--- Your task ---
Leave the pictures out. Return the rest of the listing below exactly.

--- Data provided ---
╔══

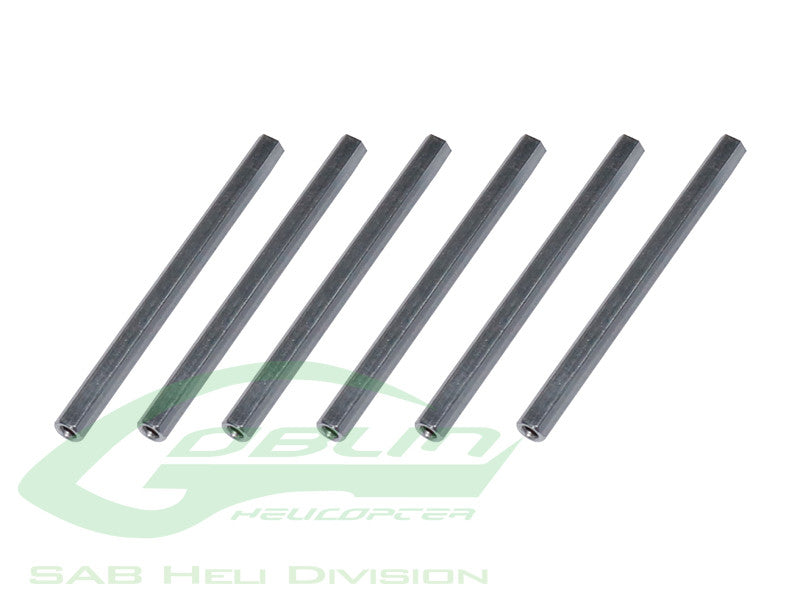 Aluminum Spacer 54mm(6pcs) - Goblin 500/520/570/Raw 500/iLGoblin 520 Pro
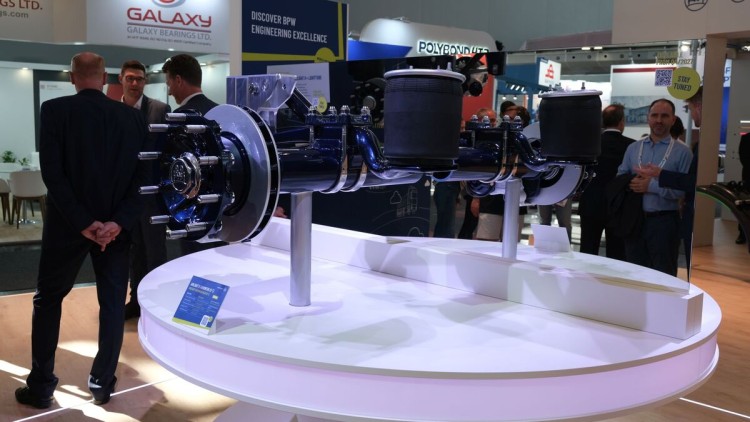 BPW verringert Gewicht der Trailer-Achse mithilfe eines neuen Wheelends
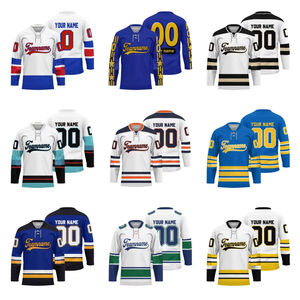 Últimos Diseños Personalizados de Camisetas de Hockey sobre Hielo con Logotipo a Color, Estilo Nuevo, Tejido de Malla con Paneles Cosidos, Manga Larga, para Todos los Deportes - Product Image 2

╚══

--- Solution for this task ---
 Aluminum Spacer 54mm(6pcs) - Goblin 500/520/570/Raw 500/iLGoblin 520 Pro
 BPW verringert Gewicht der Trailer-Achse mithilfe eines neuen Wheelends
 Últimos Diseños Personalizados de Camisetas de Hockey sobre Hielo con Logotipo a Color, Estilo Nuevo, Tejido de Malla con Paneles Cosidos, Manga Larga, para Todos los Deportes - Product Image 2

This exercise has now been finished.